**Required work**
Lines to restate from the data below: from the one containing "nachrico's tweet photo." to the one containing "Thumbnail: 2017 Toyota Prius - 9", both included. Give them again exactly, and only them.

*** Opening of Record excerpts ***

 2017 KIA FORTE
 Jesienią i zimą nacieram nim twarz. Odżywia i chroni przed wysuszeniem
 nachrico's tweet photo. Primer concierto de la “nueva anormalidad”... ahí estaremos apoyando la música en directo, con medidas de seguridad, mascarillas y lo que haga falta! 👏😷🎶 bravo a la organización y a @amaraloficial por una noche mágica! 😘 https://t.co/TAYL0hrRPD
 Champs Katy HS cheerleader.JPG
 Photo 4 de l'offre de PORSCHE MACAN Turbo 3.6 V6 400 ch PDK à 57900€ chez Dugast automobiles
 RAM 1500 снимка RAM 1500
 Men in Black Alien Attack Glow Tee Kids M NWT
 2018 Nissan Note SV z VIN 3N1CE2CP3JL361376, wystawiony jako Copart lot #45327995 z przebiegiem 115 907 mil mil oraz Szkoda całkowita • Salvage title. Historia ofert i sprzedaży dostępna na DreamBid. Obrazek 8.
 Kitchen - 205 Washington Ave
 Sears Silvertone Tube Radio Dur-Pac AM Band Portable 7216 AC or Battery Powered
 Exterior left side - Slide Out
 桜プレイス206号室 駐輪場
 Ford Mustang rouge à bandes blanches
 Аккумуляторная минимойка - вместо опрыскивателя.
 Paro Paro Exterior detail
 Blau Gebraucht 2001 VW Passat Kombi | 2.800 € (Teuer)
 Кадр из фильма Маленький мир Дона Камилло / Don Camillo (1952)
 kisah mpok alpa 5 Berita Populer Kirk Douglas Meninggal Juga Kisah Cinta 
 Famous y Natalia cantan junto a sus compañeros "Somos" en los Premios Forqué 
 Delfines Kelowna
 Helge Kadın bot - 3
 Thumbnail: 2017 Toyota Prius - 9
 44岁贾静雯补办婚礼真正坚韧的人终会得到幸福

*** Close of Record excerpts ***

**Result of this task**
 nachrico's tweet photo. Primer concierto de la “nueva anormalidad”... ahí estaremos apoyando la música en directo, con medidas de seguridad, mascarillas y lo que haga falta! 👏😷🎶 bravo a la organización y a @amaraloficial por una noche mágica! 😘 https://t.co/TAYL0hrRPD
 Champs Katy HS cheerleader.JPG
 Photo 4 de l'offre de PORSCHE MACAN Turbo 3.6 V6 400 ch PDK à 57900€ chez Dugast automobiles
 RAM 1500 снимка RAM 1500
 Men in Black Alien Attack Glow Tee Kids M NWT
 2018 Nissan Note SV z VIN 3N1CE2CP3JL361376, wystawiony jako Copart lot #45327995 z przebiegiem 115 907 mil mil oraz Szkoda całkowita • Salvage title. Historia ofert i sprzedaży dostępna na DreamBid. Obrazek 8.
 Kitchen - 205 Washington Ave
 Sears Silvertone Tube Radio Dur-Pac AM Band Portable 7216 AC or Battery Powered
 Exterior left side - Slide Out
 桜プレイス206号室 駐輪場
 Ford Mustang rouge à bandes blanches
 Аккумуляторная минимойка - вместо опрыскивателя.
 Paro Paro Exterior detail
 Blau Gebraucht 2001 VW Passat Kombi | 2.800 € (Teuer)
 Кадр из фильма Маленький мир Дона Камилло / Don Camillo (1952)
 kisah mpok alpa 5 Berita Populer Kirk Douglas Meninggal Juga Kisah Cinta 
 Famous y Natalia cantan junto a sus compañeros "Somos" en los Premios Forqué 
 Delfines Kelowna
 Helge Kadın bot - 3
 Thumbnail: 2017 Toyota Prius - 9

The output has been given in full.